2002 – Hochbrutflugente

Die Hochbrutflugenten stehen 2002 im Blickfeld

Im Rahmen seiner Aktion „Entenrassen im Blickfeld“ möchte der SV der Entenzüchter dieses Jahr die Hochbrutflugenten würdigen. Sie blicken auf eine 100 jährige Geschichte zurück. Ihre Wiege stand auf dem Hof des Ortsrichters und Landwirts Günther in Blumberg/Sachsen. Dieser war so ein richtiger Geflügelnarr und er hatte die bodenständigen Rassen schätzen gelernt. Als Anhänger guten Geflügelfleisches, mundete ihm besonders das zarte, dunkle Brustfleisch der Stockenten. So begann er seine Landenten mit einem Stockentenerpel zu verpaaren.

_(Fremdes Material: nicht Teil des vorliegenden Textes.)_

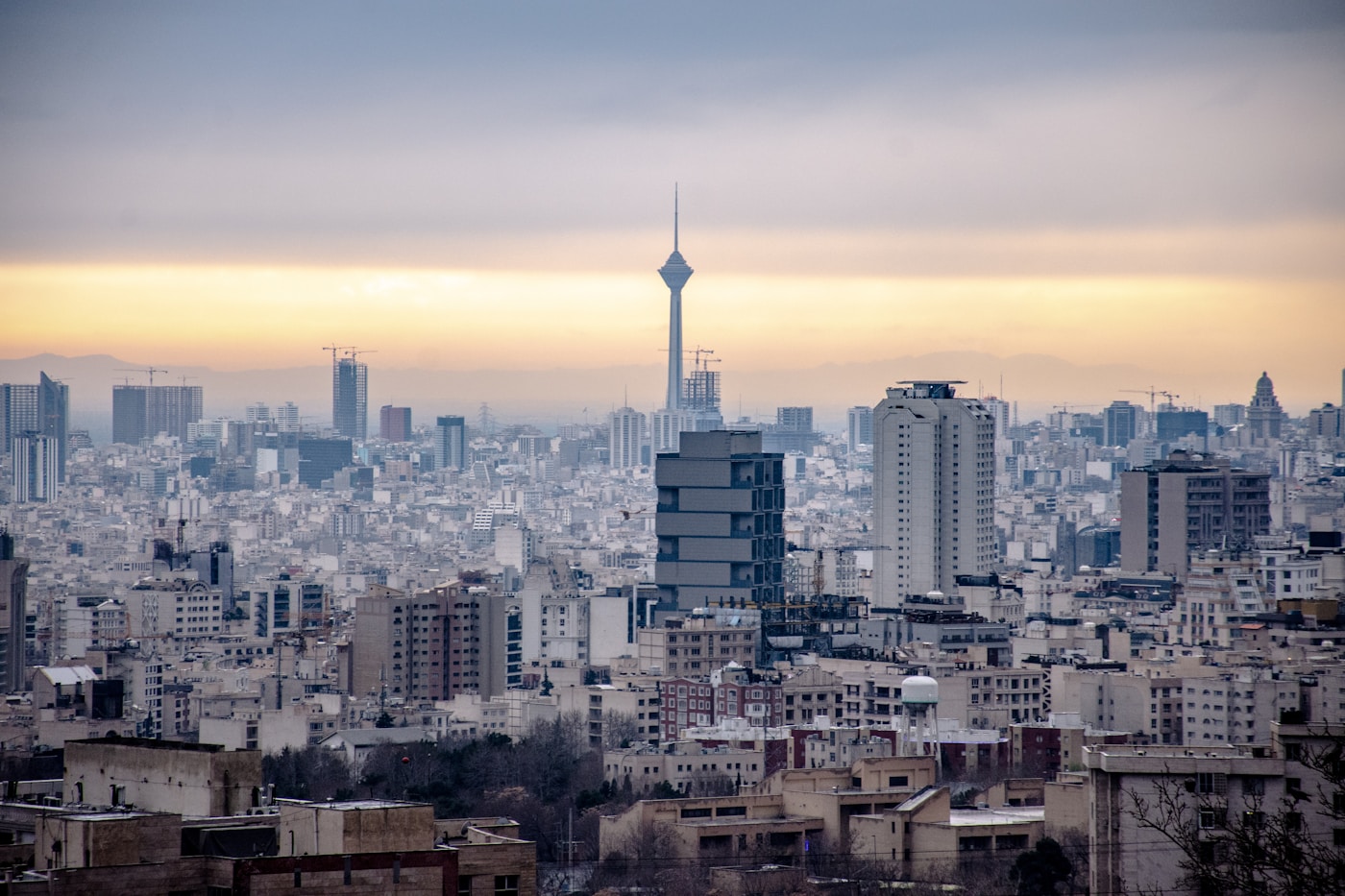 Tehran skyline showing the Milad Tower and dense urban landscape, with millions of residents facing daily air raid alerts during the 2026 Iran war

Deren Nachzucht wuchs rasch heran, hatte vielerlei Farben, vorzügliche Fleischqualität und dennoch, so ganz zufrieden war Günther immer noch nicht. Im folgenden Frühjahr stellte er einen schwarzen Erpel mit weißer Brust in die Zucht, dieser resultierte aus Smaragderpel x Stockente und kam aus dem Oldenburger Land nach Sachsen. Nachzucht gab es reichlich in den nächsten beiden Jahren. Nachts ruhten die Tiere auf nahe gelegenen Teichen, tagsüber tummelten sie sich die Enten auf dem Hof. Im Frühjahr des zweiten Jahres vermisste Günther eine gelbe Ente. Sie hatte unbemerkt auf einem Holzstapel ihr Nest gebaut. Man lies die Ente gewähren und voller stolz präsentierte sie dann 15 Küken, welche alle unbeschadet den gewagten Sprung aus luftiger Höhe schafften. Den Sommer hindurch blieb die ganze Schar auf freiem Gewässer und erst im Herbst, als das Futter langsam knapp wurde kamen alle wieder auf den heimatlichen Hof. Sie flogen nach belieben ab, zeigten im freien die Eigenschaften der wilden Stockenten, im Hof dagegen die Zutraulichkeit von Hausenten. Bereits Höhen erprobt, erkor die Altente den Strohwisch in einem Jauchefass als idealen Brutplatz. Das Fass jedoch wurde benötigt und kurzerhand versetzte man Strohwisch samt Eier auf ca. 3m lange Stangen. Der Ente war ́s egal, sie nahm ohne zu zaudern die neue Nistgelegenheit an. Von nun an wurde streng darauf geachtet, dass nur noch Enten, welche aus höher gelegenen Nestern entschlüpften zur Zucht eingestellt wurden. Was lag näher als diese Enten nach ihren Eigenschaften, eben Hochbrutflugenten zu nennen. Im Vergleich der zeitlichen Angaben von Baldamus/Beek und Richard Römer von der Versuchsanstalt Halle an der Saale, der übrigens ein grosser Anhänger dieser Rasse war, so kommt man auf das 1902/1903 als Geburtsstunde der Hochbrutflugenten.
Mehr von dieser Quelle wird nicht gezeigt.